Goldman Sachs is going to exclude its U.S. clients from buying shares of its recent investment in the booming social network Facebook. The bank decided to go overseas because of intense media scrutiny surrounding its offering. The press coverage of the offer to its U.S. investors could be seen as a general solicitation or advertisement, which is illegal in a private placement, whether or not Goldman intentionally leaked its memo to U.S. investors in the beginning of January.
Plus, Goldman was close to getting cross-ways with the Securities and Exchange Commission as Facebook neared the 500-investor trip line that will force it to publicly release financial data.
Goldman is now offering about 70 percent of its Facebook stake to foreign investors in order to avoid flying in the face of the SEC’s rules.
Facebook is expected to introduce an initial public offering by 2012. The company was recently valuated at US$50 billion, based on the Goldman Sachs and Digital Sky Technologies joint investment of $500 million.
Neither Goldman nor Facebook responded to the E-Commerce Times’ requests for comments by press time.
Too Much Information?
Perhaps Goldman should have made a greater effort to tone down the buzz over its deal.
“In hindsight, Goldman Sachs should have kept Facebook’s private offering private,” Azita Arvani, principal of the Arvani Group, told the E-Commerce Times. “Instead, they seemed to be basking in the glory of getting the hottest deal in town.”
Goldman appears to have gone a bit wild, losing control over the message.
“First, they made an investment in Facebook [that legitimized] an astonishing $50B valuation,” said Arvani. “Then, as part of their $1.5B offering, they distributed Facebook’s financials and IPO plans to too many investors. So, a leak was inevitable, and their private offering became not so private and risked getting SEC’s regulatory attention.”
Goldman’s decision will help it with the SEC, but its own clients will likely be frustrated at being left out.
“Limiting Goldman’s private offer to foreign investors will not legally challenge Goldman or Facebook,” said Arvani. “But it will certainly not make the U.S. clients of Goldman that might have an interest in the Facebook offer very happy — especially now that these investors are shut out of the deal. They would love to belong to a club that will not accept them as a member. This episode will generate more interest in private secondary markets, which are, of course, controversial.”
Red With Embarrassment
Goldman now has egg on its face for withdrawing a colorful offering.

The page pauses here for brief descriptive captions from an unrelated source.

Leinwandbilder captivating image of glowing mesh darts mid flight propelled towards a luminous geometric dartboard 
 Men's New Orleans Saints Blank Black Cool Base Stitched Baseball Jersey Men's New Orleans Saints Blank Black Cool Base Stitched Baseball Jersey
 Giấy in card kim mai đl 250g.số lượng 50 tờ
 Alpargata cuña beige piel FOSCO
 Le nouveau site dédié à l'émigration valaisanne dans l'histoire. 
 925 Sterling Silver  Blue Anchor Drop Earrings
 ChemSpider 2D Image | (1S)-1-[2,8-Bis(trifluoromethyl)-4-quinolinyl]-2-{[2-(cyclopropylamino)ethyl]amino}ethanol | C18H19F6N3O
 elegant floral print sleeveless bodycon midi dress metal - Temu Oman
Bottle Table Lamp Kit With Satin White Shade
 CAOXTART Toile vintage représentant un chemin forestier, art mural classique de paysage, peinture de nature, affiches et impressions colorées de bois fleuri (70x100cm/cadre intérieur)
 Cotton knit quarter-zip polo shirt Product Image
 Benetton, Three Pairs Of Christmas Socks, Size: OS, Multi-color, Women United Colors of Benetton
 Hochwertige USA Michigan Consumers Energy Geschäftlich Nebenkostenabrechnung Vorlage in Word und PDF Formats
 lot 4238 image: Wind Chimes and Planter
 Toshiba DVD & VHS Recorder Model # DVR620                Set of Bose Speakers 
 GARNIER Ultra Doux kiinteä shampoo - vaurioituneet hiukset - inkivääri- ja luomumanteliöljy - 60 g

“The U.S. investors got hosed in the deal,” Charles King, principal analyst at Pund-IT, told the E-Commerce Times. “The U.S. investors were oversubscribed by some $7 billion. When Goldman gets ready to offer an investment to their investors, they put out the word to let them know the shares are available and ask their investors what they want. The level of interest was huge. Having to withdraw the offer from the U.S. investor base now can’t be seen as anything but a huge embarrassment for Goldman.
Goldman found itself between a rock and a hard place. Who do you make unhappy? Your customers or the feds?
“The SEC is taking an increasing interest in these deals for non-public companies that are walking the bleeding edge of what’s legal and not legal,” King said. “I would guess Goldman’s legal counsel took a look at that and decided to risk the public embarrassment of withdrawing the offer from U.S. investors rather than getting the scrutiny of the SEC.”